Die Eltern waren dem Jugendamt des Kreises Segeberg bekannt. „Es war immer jemand da, der ihnen Hilfe anbot“, heißt es bei der Justiz. Doch die Angebote wurden angelehnt. „Es fehlte die Einsicht.“ Das Kreisjugendamt hatte für die meisten Kinder das Sorge- und das Aufenthaltsbestimmungsrecht und vergab den Auftrag für die Betreuung der Familie an einen freien Träger. Die Betreuer hatten jedoch nur Zutritt zu einem Zimmer.

Wegen des Alkoholmissbrauchs der Mutter während der Schwangerschaften sollen mehrere Kinder unter dauerhaften Schäden leiden. Warum sich die Eltern verantworten müssen, verstehen sie offenbar nicht. Intellektuell sind sie kaum in der Lage, dem Prozedere zu folgen, heißt es.

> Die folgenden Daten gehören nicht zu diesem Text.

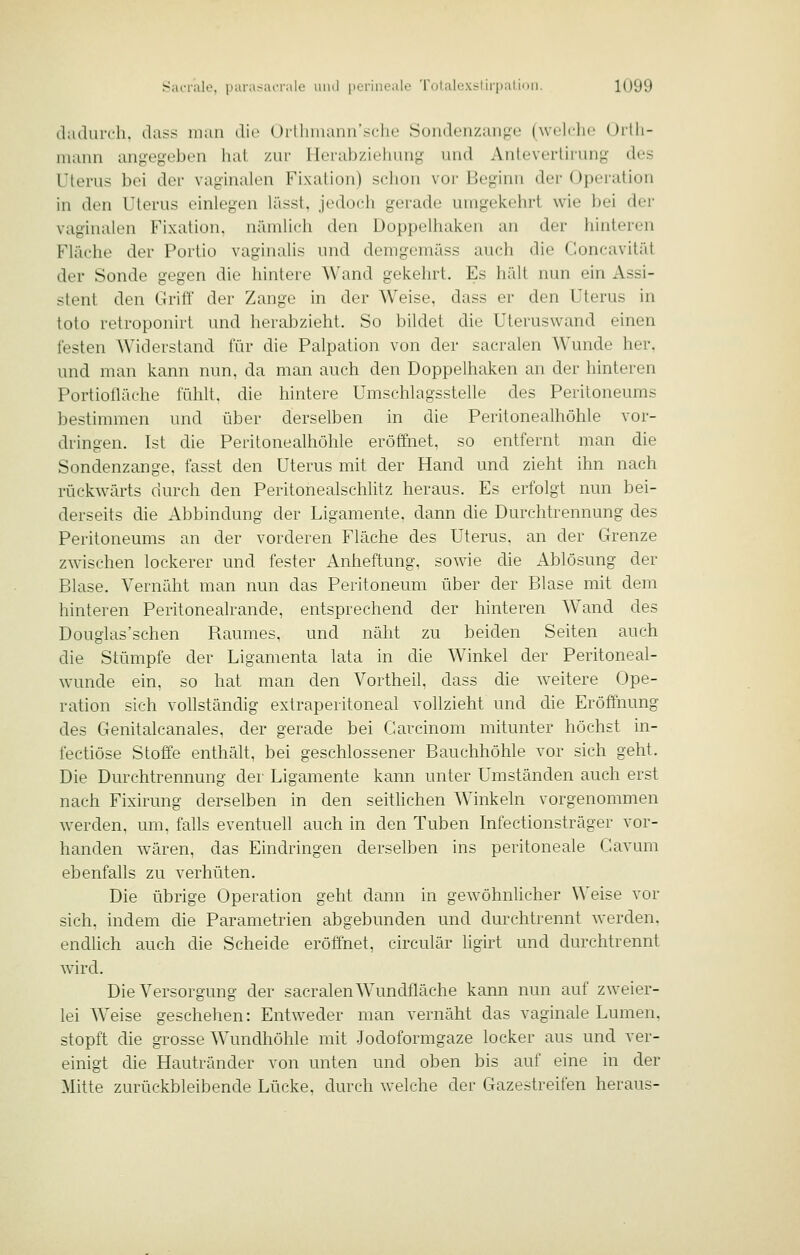 iLulurcli. il;i<< man die Oilliiiianirsclie Sondenzaiige (welche Oitli- niaim aiiyegeben lial /iir 1 Icrab/ifliuny und Antevertirimg des Uterus bei der vaginalen Fixation) schon vor Beginn der Operation in den Uterus einlegen lässt, jedoch gerade umgekehrt wie bei der vaginalen Fixation, nämlich den Doppelhaken an der hinteren Fläche der Portio vaginalis und demgemäss auch die Concavität der Sonde gegen die hintere Wand gekehrt. Es hält nun ein Assi- stent den Griff' der Zange in der Weise, dass er den Uterus in toto retroponirl und herabzieht. So bildet die Uteruswand einen festen Widerstand für die Palpation von der sacralen Wunde her. und man kann nun, da man auch den Doppelhaken an der hinteren Portiofläche fühlt, die hintere Umschlagsstelle des Peritoneums bestimmen und über derselben in die Peritonealhöhle vor- dringen. Ist die Peritonealhöhle eröffnet, so entfernt man die Sondenzange, fasst den Uterus mit der Hand und zieht ihn nach rückwärts durch den Peritonealschlitz heraus. Es erfolgt nun bei- derseits die Abbindung der Ligamente, dann die Durchtrennung des Peritoneums an der vorderen Fläche des Uterus, an der Grenze zwischen lockerer und fester Anheftung, sowie die Ablösung der Blase. Vernäht man nun das Peritoneum über der Blase mit dem hinteren Peritonealrande, entsprechend der hinteren Wand des Douglas'schen Raumes, und näht zu beiden Seiten auch die Stümpfe der Ligamenta lata in die Winkel der Peritoneal- wunde ein, so hat man den Vortheil, dass die w-eitere Ope- ration sich vollständig extraperitoneal vollzieht und die Eröff'nung des Genitalcanales, der gerade bei Garcinom mitunter höchst in- fectiöse Stoffe enthält, bei geschlossener Bauchhöhle vor sich geht. Die Durchtrennung der Ligamente kann unter Umständen auch erst nach Fixirung derselben in den seithchen Winkeln vorgenommen werden, um, falls eventuell auch in den Tuben Infectionsträger vor- handen wären, das Eindringen derselben ins peritoneale Gavum ebenfalls zu verhüten. Die übrige Operation geht dann in gewöhnlicher Weise vor sich, indem die Parametrien abgebunden und durchtrennt werden, endlich auch die Scheide eröffnet, circulär ligirt und durchtrennt wird. Die Versorgung der sacralen Wundfläche kann nun auf zweier- lei Weise geschehen: Entweder man vernäht das vaginale Lumen, stopft die grosse Wundhöhle mit Jodoformgaze locker aus und ver- einigt die Hautränder von unten und oben bis auf eine in der Mitte zurückbleibende Lücke, durch w^elche der Gazestreifen heraus-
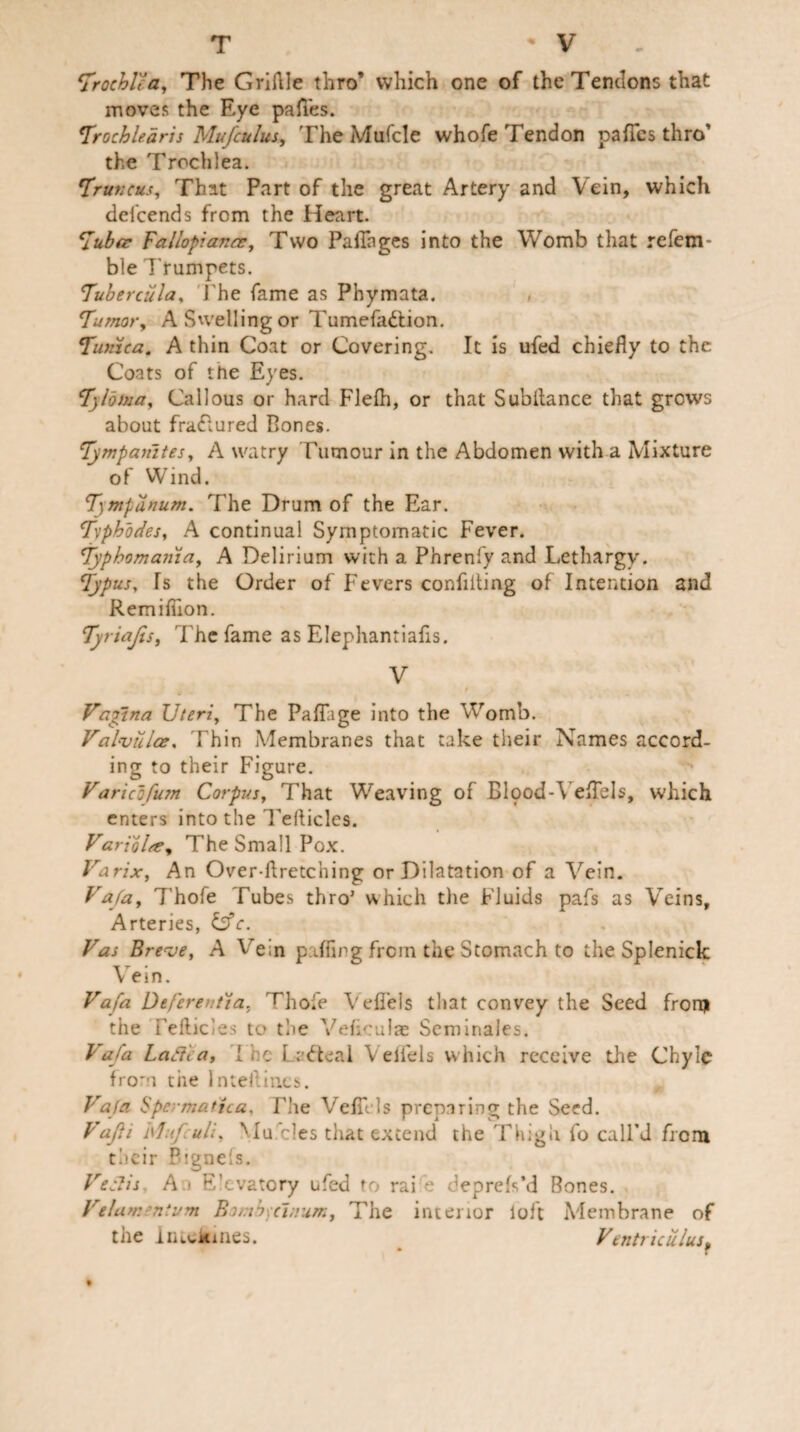 T V 1Trochl'ca, The Griftle thro’ which one of the Tendons that moves the Eye pafies. Trochledris Mufculus, The Mufcle whofe Tendon pafTcs thro the Trochlea. Tr uncus, That Part of the great Artery and Vein, which defeends from the Heart. Tuber Fallopiance, Two Paifnges into the Womb that refem- ble Trumpets. 7'ubercula, The fame as Phymata. Tumor, A Swelling or Tumefaction. Tunica. A thin Coat or Covering. It is ufed chiefly to the Coats of the Eyes. Tyloma, Callous or hard Flefh, or that Subitance that grows about fraCtured Rones. Tympanites, A watry Tumour in the Abdomen with a Mixture of Wind. Tmpanum. The Drum of the Ear. Txphodes, A continual Symptomatic Fever. Typhomania, A Delirium with a Phrenfy and Lethargy. Typus, Is the Order of Fevers confiding of Intention and Remifiion. Tyriajis, The fame as Elephantiafis. V t a Vagina Uteri, The Paffage into the Womb. Valvtilce, Thin Membranes that take their Names accord¬ ing to their Figure. Varicbfum Corpus, That Weaving of Elpod-YeEels, which enters into the Tellicles. Varibltc. The Small Pox. Varix, An Overfiretching or Dilatation of a Vein. Fa/a, 7'hofe Tubes thro’ which the Fluids pafs as Veins, Arteries, &c. Fas Breve, A Vein palling from the Stomach to the Splenick Vein. Fafa Deferential, rhofe Vefieis that convey the Seed from the Feflicles to the Veliculae Scminales. Fafa Laftca, I ■ e LeCteal Velfels which receive the Chyle from the lnteilin.es. Fafa Spermattca, Fhe Vefills preparing the Seed. Vajii hhi/uli, Mumles that extend the Thigh fo call’d from their Pignels. FeSlis An E’evatory ufed to raife deprels’d Bones. Felamenium Bomh)ci;ram, The interior loft Membrane of the InLokines. Fentriculus,
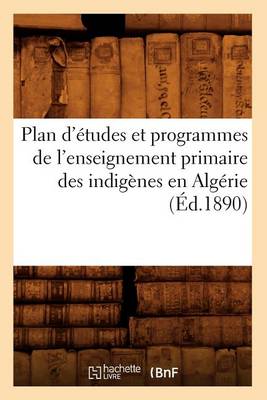 Cover of Plan d'Etudes Et Programmes de l'Enseignement Primaire Des Indigenes En Algerie (Ed.1890)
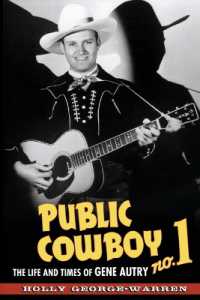 Public Cowboy No. 1 : The Life and Times of Gene Autry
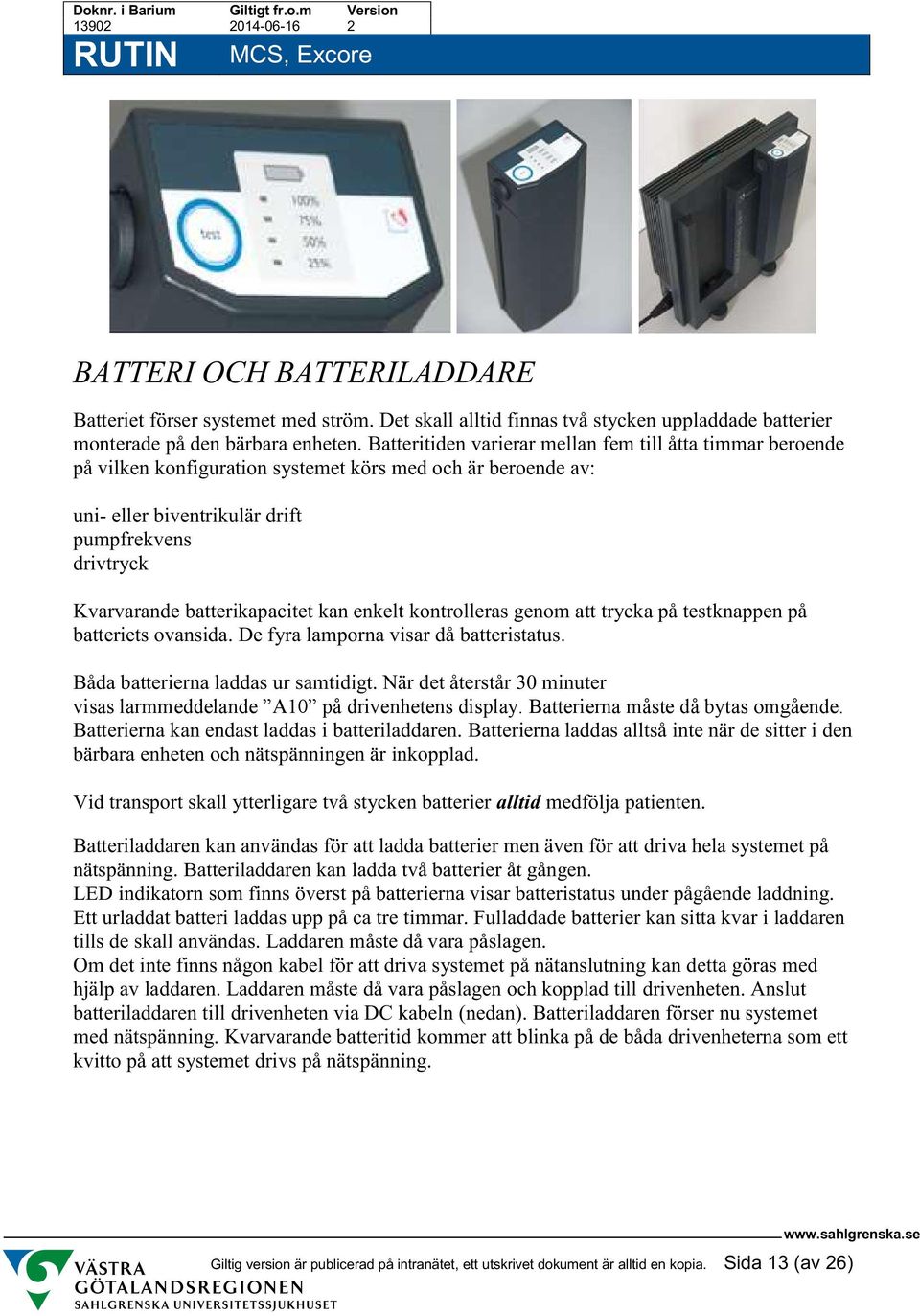 batterikapacitet kan enkelt kontrolleras genom att trycka på testknappen på batteriets ovansida. De fyra lamporna visar då batteristatus. Båda batterierna laddas ur samtidigt.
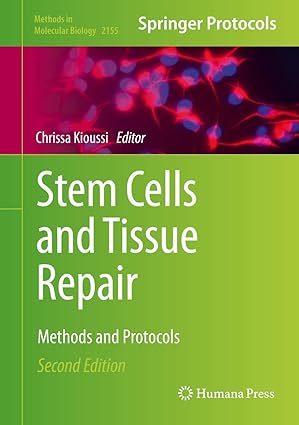 Stem Cells and Tissue Repair Methods and Protocols 2nd Edition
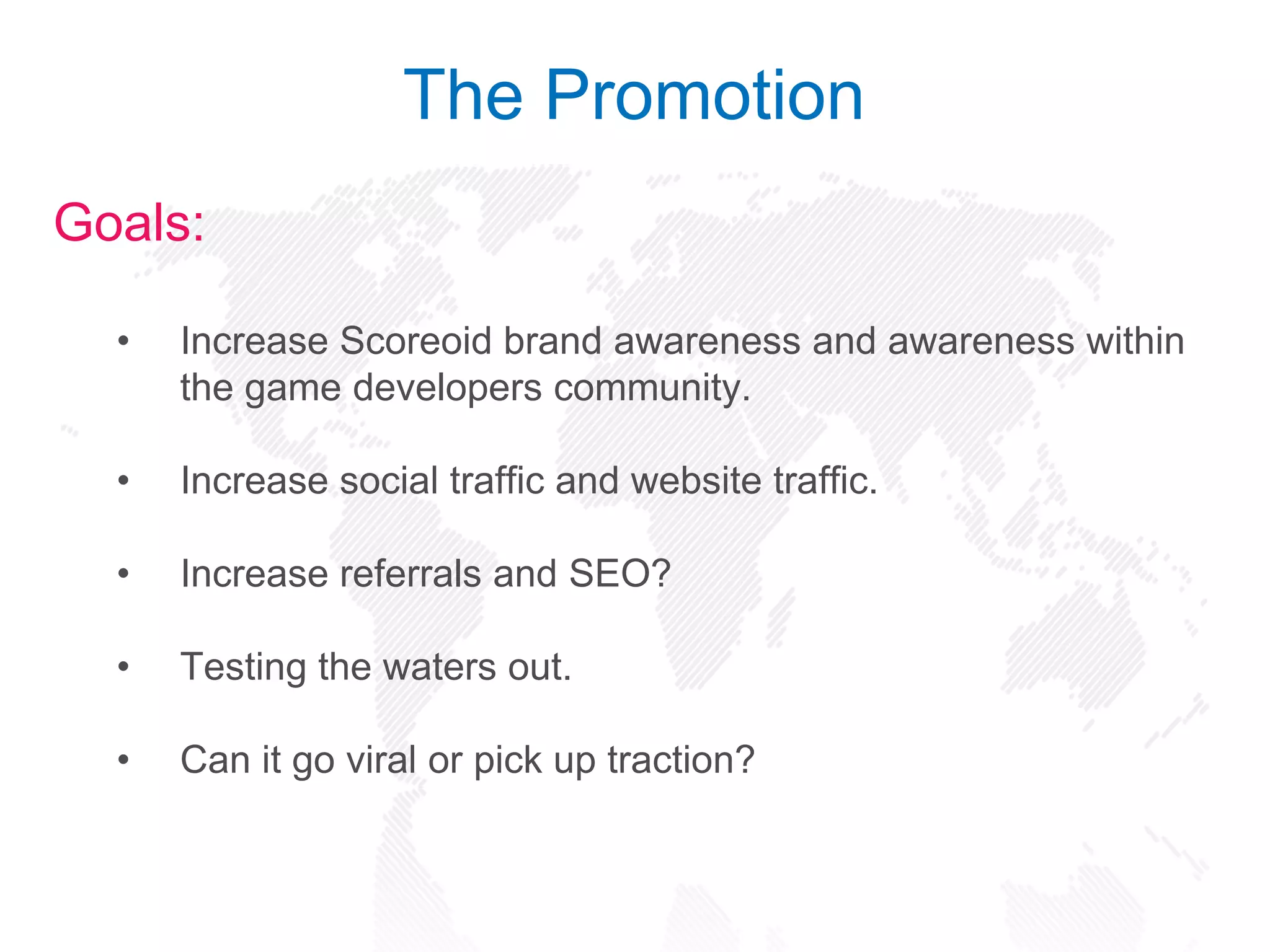 Goals:
• Increase Scoreoid brand awareness and awareness within
the game developers community.
• Increase social traffic and website traffic.
• Increase referrals and SEO?
• Testing the waters out.
• Can it go viral or pick up traction?
The Promotion
 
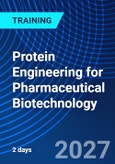 Protein Engineering for Pharmaceutical Biotechnology (ONLINE EVENT: February 2-3, 2027)- Product Image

Dass es in der Familie trotz der staatlichen Aufsicht immer wieder zu Zwischenfällen kam, führte zu massiver Kritik an der damaligen Landrätin Jutta Hartwieg und ihrem Jugendamtsleiter Georg Hoffmann. Strafrechtlich werden sie sich jedoch nicht verantworten müssen. Die Staatsanwaltschaft sieht keine Anhaltspunkt für eine erfolgversprechende Strafverfolgung. „Da kommt nichts bei heraus“, heißt es in der Anklagebehörde.

Egal, wie das Oberlandesgericht in Schleswig entscheidet – der Beschluss ist bindend. Bleibt es bei der zusammengestrichenen Anklage, wird der Prozess vor dem Amtsgericht in Bad Segeberg eröffnet.